Manga series by Kitsune Tennouji

Orfina (オルフィーナ) is a fantasy manga written and illustrated by Kitsune Tennouji. It was serialized in the Kadokawa Shoten publication Monthly Comic Dragon from its December 1993 to April 2003 issues before the magazine converted to Monthly Dragon Age, where the manga completed its run from the July 2003 to June 2004 issues. It was also published in North America as part of the CMX label of DC Comics. Orfina is based in the medieval times and rated mature due to nudity, language, violence and suggested situation.

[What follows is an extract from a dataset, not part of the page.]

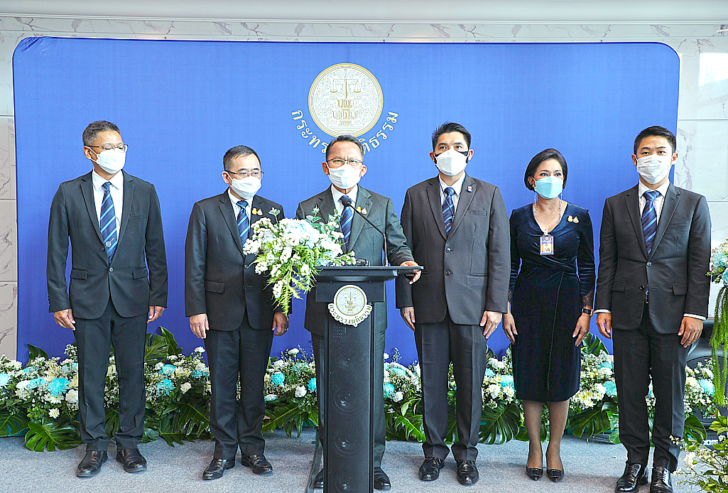 เผยผลงาน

A sequel series, Orfina Saga, also authored by Kitsune Tennouji, ran in Monthly Dragon Age from September 2004 to January 2011.

==Characters==

- Princess Orfina: She is the princess of the Kingdom of Cordia.
- Faana Risoru: The only survivor of her hometown, which was destroyed by the Granza Military. Half-dead, she is discovered by Triffa and King Yoguf. She is taken to Cordia and nursed back to health. She looks just like Orfina, almost as though they are twin sisters. When the king introduces Faana Risoru to Orfina, the princess has a fit. She soon relaxes after the king explains. Soon the two became friends.
- Yoguf: Father of Orfina and King of Cordia.
- Yunemea: Mother of Orfina and Queen of Cordia.
- Sarueri: A retired knight of the kingdom who was known as a fierce fighter.
- Elnera: A maid of the king and queen.
- Triffa: A Kulfia one horn wolf. It is a pet of the kingdom. Strangely, it takes a liking to Faana and only allows Faana to ride it. The creature is also the symbol of Cordia.
- Mayfee: A baby Kulfia and pet of Cordia. It was captured after the kingdom fell. It is now a pet of Hyleka of Granze.
- Quaine: Captain of the princess's guard/a body guard for the princess.
- Ruskin: A traitor of the country who has been banished from Cordia. He soon returns to get revenge, fighting with Granza.
- Shettofgart: Orfina's fiancé.
  - Hyleka: A Granzian female military officer.
- Cisun Klade: He calls himself a Robin Hood, but really he is a thief.
- Merduz: Cisun's friend, who is the thieves' leader.
- General Xaviera: A knight for Granze who wears scary armor.